The US government is “deeply involved” in Saudi Arabia’s war of aggression against Yemen, says an American author and analyst.
“It is beyond belief, the American government is deeply involved in the conflict; it provides intelligence, it provides weapons, it provides munitions, and it provides supplies,” Michael Springmann told Press TV on Sunday.
“They basically deny everything and if they are caught in a contradiction they do some weasel-wording and jump back and forth from the exact meaning of one word to the inexact meaning of another word,” he added.
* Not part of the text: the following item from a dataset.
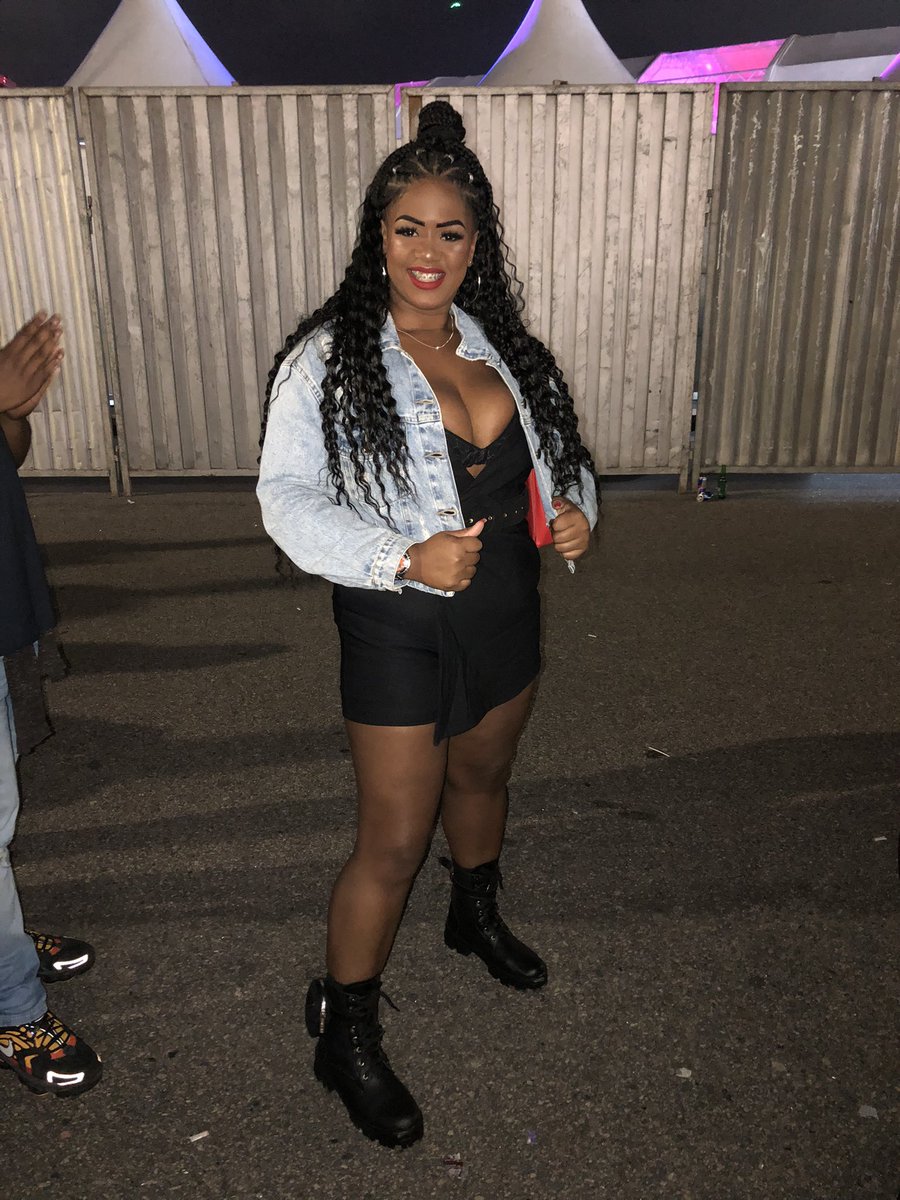 pqptayanne's tweet image. #GarotaVip #TBT 🖤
“Basically violence has somehow got ingrained to the American government’s psyche,” he maintained.
The author of the “Visas for al-Qaeda: CIA Handouts that Rocked the World” made the comments when asked about Washington’s refusal to admit responsibility for backing Saudi Arabia’s military campaign against Yemen.
In a statement Friday, White House spokesman Ned Price said that though “shocked and saddened” by the civilian casualties, “the United States has no role in targeting decisions made by the coalition in Yemen.”
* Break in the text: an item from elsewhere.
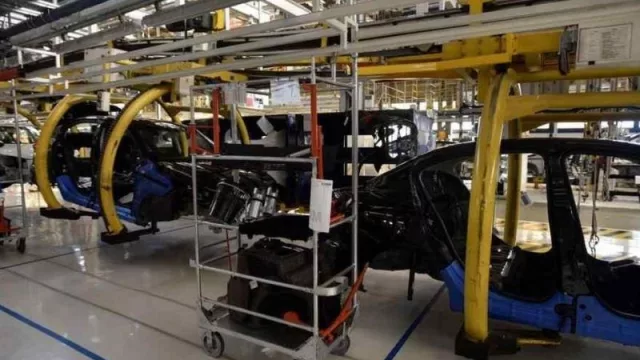 La industria tecnológica no es la única que le ganó a la inflación en materia salarial (estas son las ganadoras y las perdedoras)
In a bid to return fugitive former Yemeni President Abd Rabbuh Mansur Hadi, a staunch ally of Riyadh, into power, the Saudis launched a deadly war against their southern neighbor in March – without a United Nations mandate.
The death toll from the months-long aggression has now surpassed 4,600. The office of the UN human rights chief said last week that the Saudi-led coalition is responsible for the majority of the deaths.
UN Secretary General Ban Ki-moon has also said that he is “deeply concerned” by the huge number of civilian casualties from the military campaign against Yemen’s Houthi Ansarullah movement that deposed Hadi in February.
Saudi Arabia’s relentless bombardment has worsened the humanitarian situation in the poverty-stricken Arab nation.
In their retaliatory attacks, Yemeni forces have been able to seize a number of Saudi military bases in border areas.
Tens of foreign soldiers, part of the Saudi-led coalition, have also been killed in the conflict.